|
|
|
|
|
by jamesblonde
3695 days ago
|
|
Raid5 is not dead yet (https://www.cafaro.net/2014/05/26/why-raid-5-is-not-dead-yet...). The problem with failures during rebuilds is overblown, IMO. Manufacturer quoted URE failure rate (probability of failure to read) is overstated - instead of 1×10^14, they are mostly like 1×10^15 or higher.
Full disclosure: we're actually doing erasure coding in HDFS over Raid5 on servers (double insurance - if the raid array goes down, we can recover from other servers in HDFS). But our expectation for 6x4TB arrays is not for a 70%+ chance of a URE during a rebuild, rather a couple of percent. With ZFS or btrfs, it won't actually matter for us, as we'll only lose a block on a URE- that we can recover from the rest of the cluster. |
|
I've got roughly 30 arrays in production, between 4 and 12 disks in each. All are RAID5 + hotspare.
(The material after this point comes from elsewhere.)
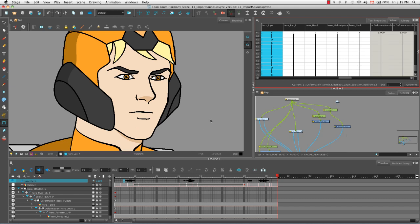So that's it for the tutorial, how to import sound and add lip sync. Stay tuned for the next tutorial, how to add effects to your scene.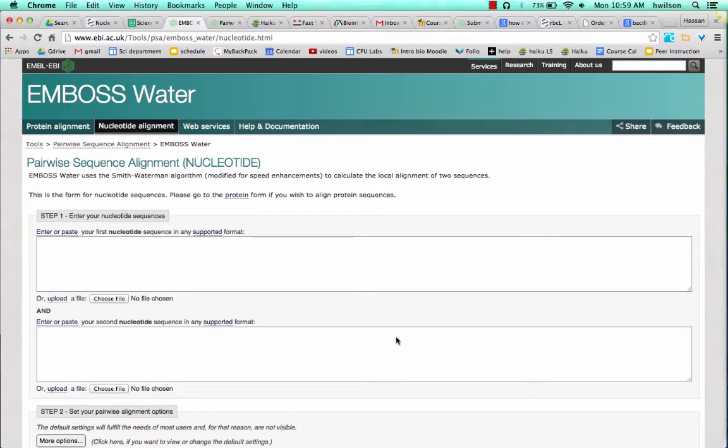I'm going to show you how to align just two sequences and compare them to get percent identities. One method you could use is Emboss Water.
If you believe the maths people keep quoting, the odds of seeing a total failure in a given year is close to 100%. I started using this configuration, across varying hardware, over 15 years ago and I've been growing in number since.
I'm not pretending one example proves the rule, or that it's totally safe and I would run a highly critical environment this way (before anyone comments: these environments do not meet that definition), but people have tried to show maths that there's a six nine likelihood of failure, and I just don't for a second believe I'm that lucky.